If Svi's expanded versatility carries through to his senior season at KU, he will be a very valuable component. He's no Josh Jackson of course, but he has multi-dimensional skills which KU will need. Consistency will be the key.

Harlan Hobbs 11 months, 4 weeks ago

As for Bagley, I thought I read the other day that he is already 18 or will be before the start of this next season. If that is correct, he will be NBA-eligible under the current rules a year from now. Therefore, if he doesn't reclassify, he probably won't ever be seen in any college uniform. He will turn pro the first chance he gets.

I doubt seriously that he is an option for KU, as most others have said.

Mike Greer 11 months, 4 weeks ago

Even if he meets the age requirement, doesn't he still have to be one year removed from High School to be NBA eligible? I thought it was something along the lines of 19 and one year after HS, otherwise most of these guys including Josh (he was 20 in February) could have gone straight into the NBA.

Titus Canby 11 months, 4 weeks ago

I agree with Len and Humpy. Those shooting percentages from the field are below average. I've never understood why he's been touted as a great shooter since day one.

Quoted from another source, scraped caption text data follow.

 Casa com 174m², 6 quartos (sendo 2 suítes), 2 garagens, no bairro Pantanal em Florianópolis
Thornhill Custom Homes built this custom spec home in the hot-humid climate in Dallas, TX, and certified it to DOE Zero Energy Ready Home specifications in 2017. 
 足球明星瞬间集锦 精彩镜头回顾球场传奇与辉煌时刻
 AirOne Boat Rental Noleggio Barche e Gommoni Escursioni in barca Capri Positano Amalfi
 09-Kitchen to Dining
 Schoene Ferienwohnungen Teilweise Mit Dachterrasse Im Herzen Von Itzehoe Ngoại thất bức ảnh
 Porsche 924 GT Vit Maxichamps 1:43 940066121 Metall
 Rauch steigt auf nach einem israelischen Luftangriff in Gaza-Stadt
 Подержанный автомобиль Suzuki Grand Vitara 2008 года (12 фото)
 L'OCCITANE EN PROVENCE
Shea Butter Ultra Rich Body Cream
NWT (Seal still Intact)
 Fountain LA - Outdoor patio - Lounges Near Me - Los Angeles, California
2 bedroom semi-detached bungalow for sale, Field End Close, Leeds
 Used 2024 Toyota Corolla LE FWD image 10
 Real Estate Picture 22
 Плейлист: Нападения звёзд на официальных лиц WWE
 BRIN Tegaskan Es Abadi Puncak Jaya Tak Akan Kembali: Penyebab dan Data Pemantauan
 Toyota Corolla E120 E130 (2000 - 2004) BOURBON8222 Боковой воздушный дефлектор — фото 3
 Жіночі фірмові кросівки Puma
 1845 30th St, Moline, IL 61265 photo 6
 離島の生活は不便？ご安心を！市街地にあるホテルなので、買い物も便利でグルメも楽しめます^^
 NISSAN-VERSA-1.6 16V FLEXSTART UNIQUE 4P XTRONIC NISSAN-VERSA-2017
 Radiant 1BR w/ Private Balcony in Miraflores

Lawrence McGlinn 11 months, 4 weeks ago

I'm not sure playing in Europe helps him that much. The athleticism in the Big 12 or the tournament means less time to get a shot off. He can be a great shooter in HORSE, but that split second less in a game can lead to a low percentage. Even with wide-open looks courtesy of Frank over the past couple of years he missed a lot of shots.